DATASET EXCERPT:
▼▼▼
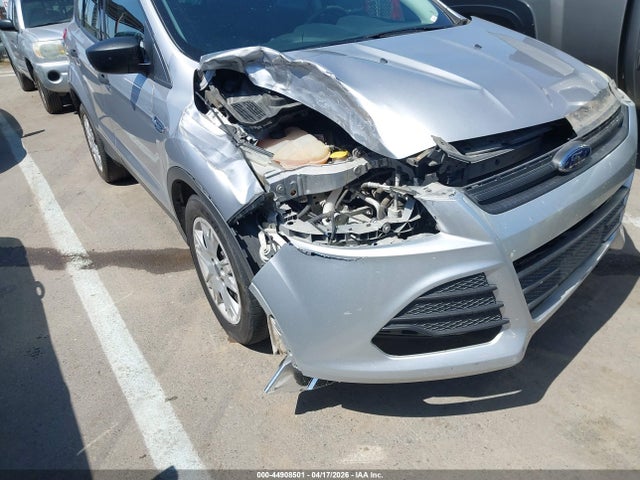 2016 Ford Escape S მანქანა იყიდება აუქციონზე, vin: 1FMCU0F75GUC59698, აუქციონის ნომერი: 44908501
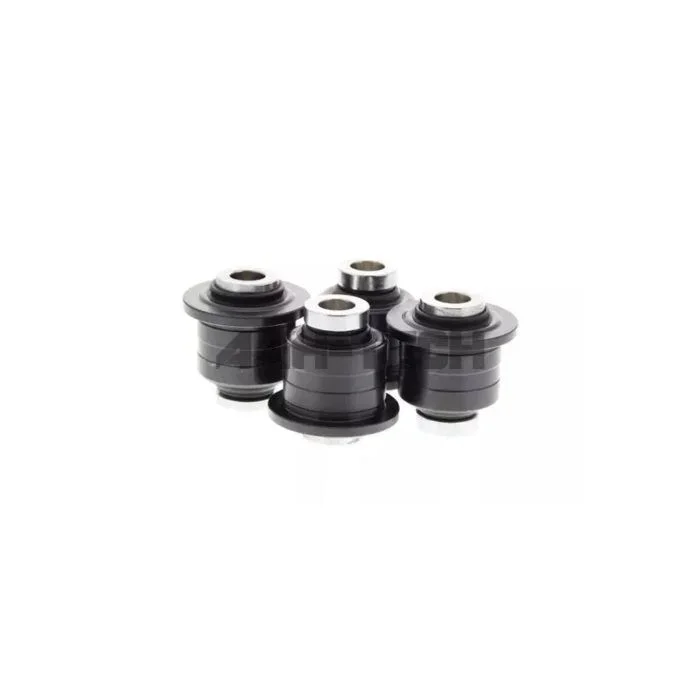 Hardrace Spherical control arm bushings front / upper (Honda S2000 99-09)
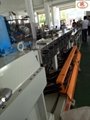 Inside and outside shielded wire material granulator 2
▲▲▲
AIM OF THE EXERCISE: The pictures stay out; copy the rest of the data word for word.

WORKED SOLUTION:
 2016 Ford Escape S მანქანა იყიდება აუქციონზე, vin: 1FMCU0F75GUC59698, აუქციონის ნომერი: 44908501
 Hardrace Spherical control arm bushings front / upper (Honda S2000 99-09)
 Inside and outside shielded wire material granulator 2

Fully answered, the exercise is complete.